Improved productivity, lowered maintenance cost and a reduction in unplanned downtime by up to 50 per cent are just a few of the advantages offered. But how do you achieve a truly optimised sensor system?
Most predictive maintenance systems are fairly simple in construction. The data collection is performed by one or more smart sensors, placed strategically throughout the plant to gather data on individual machinery or processes.
The sensors then communicate this data to a central control system for analysis by specialist software, to quickly find potential issues and identify actionable insights before problems have chance to occur.
Sensor selection
To make the most out of a predictive maintenance system, we need to begin with the initial collected data. Choosing the right sensor type for the application in ensuring that faults are picked up quickly and accurately, with ample notice given for proper repair.
One common choice of sensor for PdM applications is the accelerometer. Able to determine acceleration in one or more axes, these sensors can provide tilt and inclination measurements as well as impact recognition functionalities. Conversion of the acceleration data into vibrational information offers additional insights — in fact, vibration changes are often considered as one of the earliest indicators of a potential fault.
By comparing near real-time vibrational information with historical data, it’s easy for the sensor system to identify a potential issue and flag it up for investigation. This, combined with the relative low cost and compact size of a MEMS accelerometer, makes it an ideal choice for PdM systems.
But there are times when a vibration sensor alone may be unable to register the fault. In this case, it may be preferable to use another sensor type, either in conjunction with an accelerometer or as a complete replacement.
Temperature sensors, for example, could be an appropriate sensor type to use to detect any temperature changes — typically an increase — caused by excessive loads or start/stop procedures. Where bearings have become worn or damaged, friction is likely to increase, which again can cause a detectable temperature change. Left unchecked, this can cause additional damage to equipment and can lead to more inefficient processes.
Optimising electronics
Once a suitable sensor type has been selected, there’s still more than can be done to deliver a sensing system that is truly a cut above the competition.
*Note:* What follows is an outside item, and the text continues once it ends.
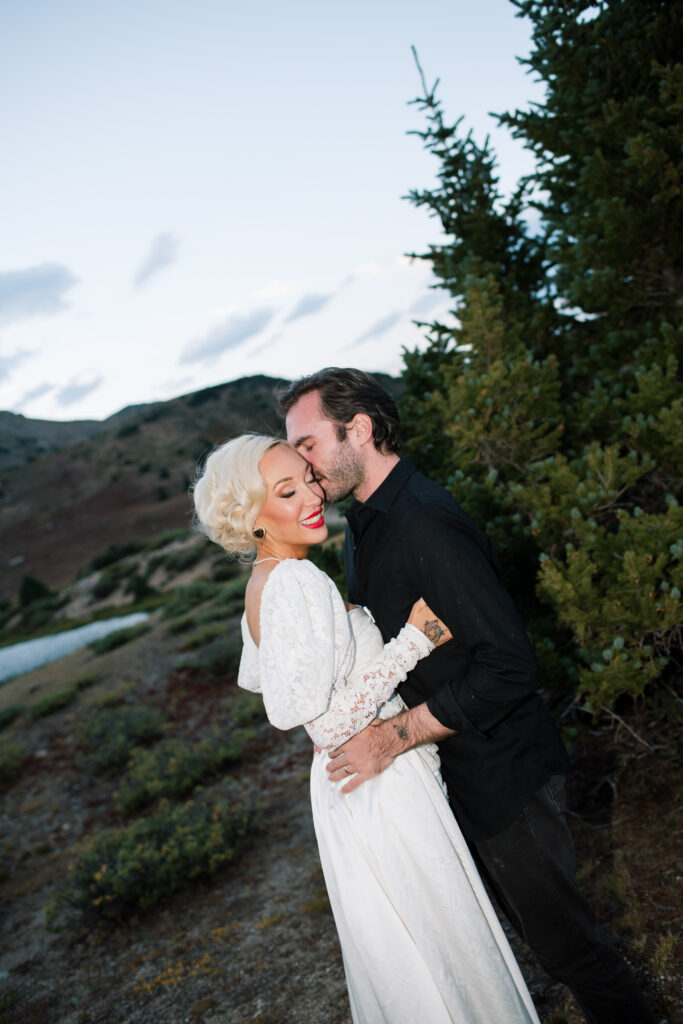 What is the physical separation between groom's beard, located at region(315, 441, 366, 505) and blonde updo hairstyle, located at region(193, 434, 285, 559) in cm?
29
This can be done through the optimisation of the electronics at the very core of the sensor.
Many traditional sensor types will collect analogue values. Before these can be communicated to other equipment in the sensor system for analysis, they must first be converted into a compatible digital format. These processes of signal conversion and communication may be performed by one or more standard ICs. But what if you require a more optimised predictive maintenance sensor?
Manufacturers should instead look to an application specific IC, or ASIC. This chip has been designed exclusively for an individual customer or application, allowing it to offer far more functionality than a standard off-the-shelf chip.
Within the predictive maintenance context, this could look like a chip with sensor-specific processes and conditioning, allowing for more accurate signal conversion with reduced noise.
And the flexibility of custom design allows for the removal of additional unneeded components, allowing for investment into performance where it matters. As a result, the ASIC can offer more precise sensor data, often within a smaller footprint.
As the manufacturing industry seeks to implement more advanced technologies, it’s crucial that sensor technology continues to evolve. Optimising sensor systems right from chip level guarantees a predictive maintenance system that offers the very latest in sensing capabilities, and its users with all the benefits of a more efficient, proactive maintenance system.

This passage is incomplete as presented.